A Measure Theoretic Formulation of Bayes’ Theorem

I am trying to find a measure theoretic formulation of Bayes’ theorem, when used in statistical inference, Bayes’ theorem is usually defined as:

p\left(\theta|x\right) = \frac{p\left(x|\theta\right) \cdot p\left(\theta\right)}{p\left(x\right)}

where:

  • p\left(\theta|x\right): the posterior density of the parameter.
  • p\left(x|\theta\right): the statistical model (or likelihood).
  • p\left(\theta\right): the prior density of the parameter.
  • p\left(x\right): the evidence.

Now how would we define Bayes’ theorem in a measure theoretic way?

So, I started by defining a probability space:

\left(\Theta, \mathcal{F}_\Theta, \mathbb{P}_\Theta\right)

such that \theta \in \Theta.

I then defined another probability space:

\left(X, \mathcal{F}_X, \mathbb{P}_X\right)

such that x \in X.

From here now on I don’t know what to do, the joint probability space would be:

\left(\Theta \times X, \mathcal{F}_\Theta \otimes \mathcal{F}_X, ?\right)

but I don’t know what the measure should be.

Bayes’ theorem should be written as follow:

? = \frac{? \cdot \mathbb{P}_\Theta}{\mathbb{P}_X}

where:

\mathbb{P}_X = \int_{\theta \in \Theta} ? \space \mathrm{d}\mathbb{P}_\Theta

but as you can see I don’t know the other measures and in which probability space they reside.

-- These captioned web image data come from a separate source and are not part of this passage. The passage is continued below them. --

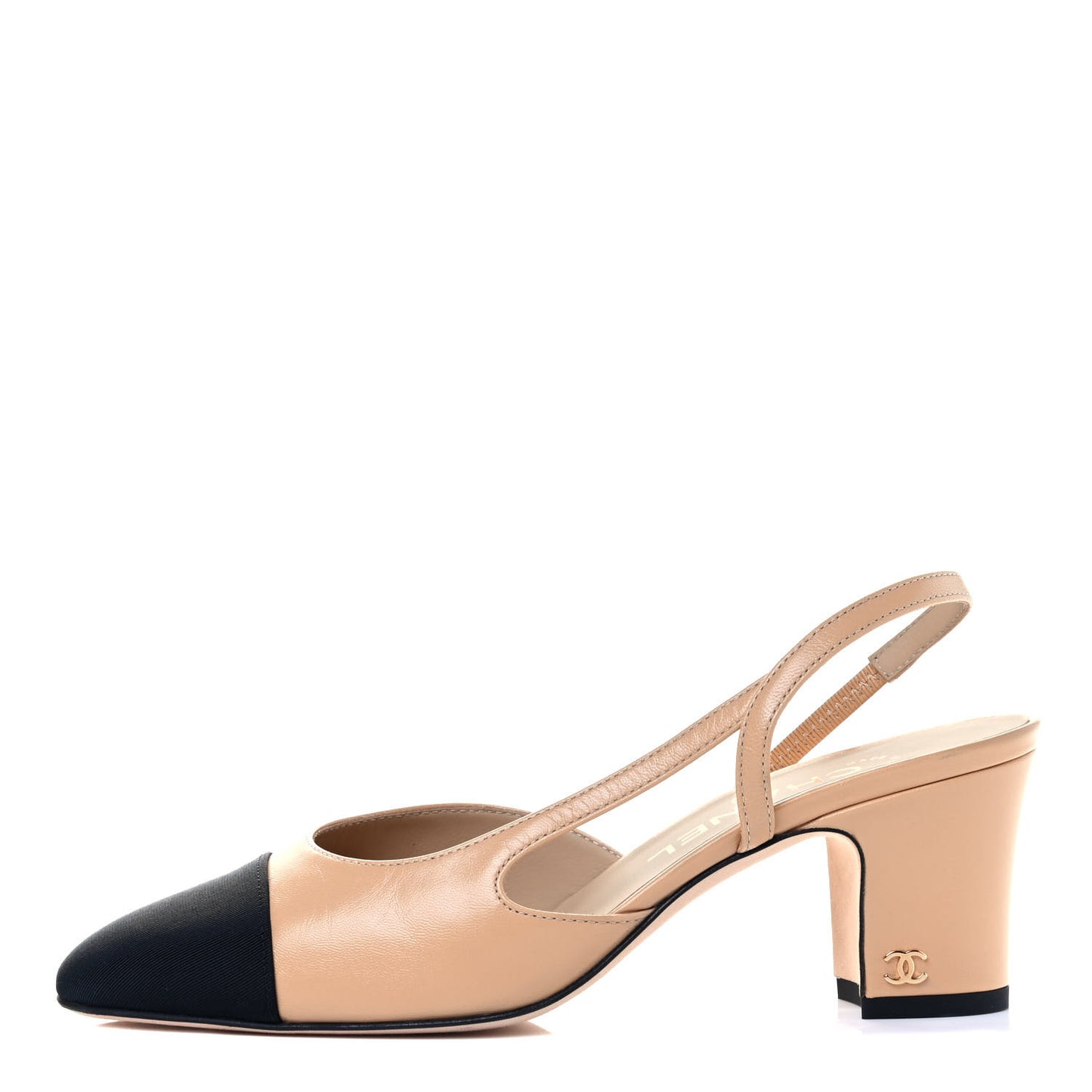 Lambskin Grosgrain Cap Toe CC Slingback Pumps 36.5 Beige Black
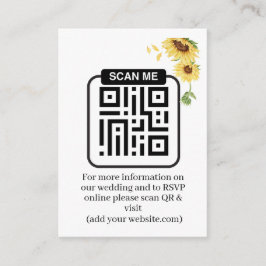 Rustic Sunflowers Wedding QR Code RSVP Begleitkarte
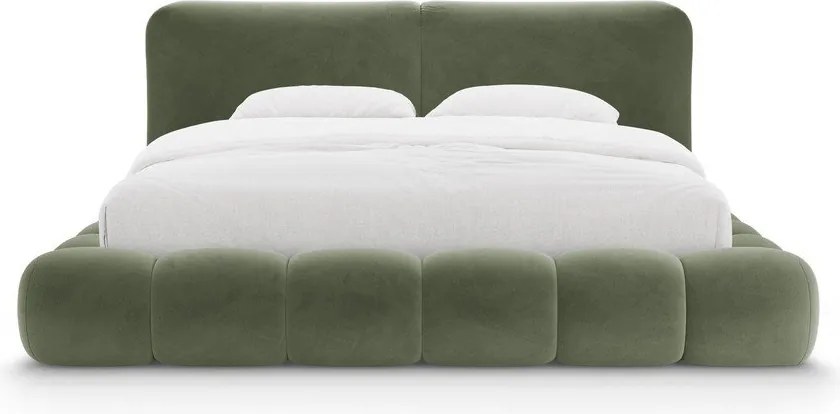 Letto matrimoniale imbottito verde con contenitore con rete inclusa 160x200 cm Solange – Micadoni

I stumbled upon this thread but it was of little help and I don’t know how was the following measure-theoretic generalization of Bayes’ rule reached:

{P_{\Theta |y}}(A) = \int\limits_{x \in A} {\frac{{\mathrm d{P_{\Omega |x}}}}{{\mathrm d{P_\Omega }}}(y)\mathrm d{P_\Theta }}

I’m self-studying measure theoretic probability and lack guidance so excuse my ignorance.

Answer

One precise formulation of Bayes’ Theorem is the following, taken verbatim from Schervish’s Theory of Statistics (1995).

The conditional distribution of \Theta given X=x is called the posterior distribution of \Theta.
The next theorem shows us how to calculate the posterior distribution of a parameter in the case in which there is a measure \nu such that each P_\theta \ll \nu.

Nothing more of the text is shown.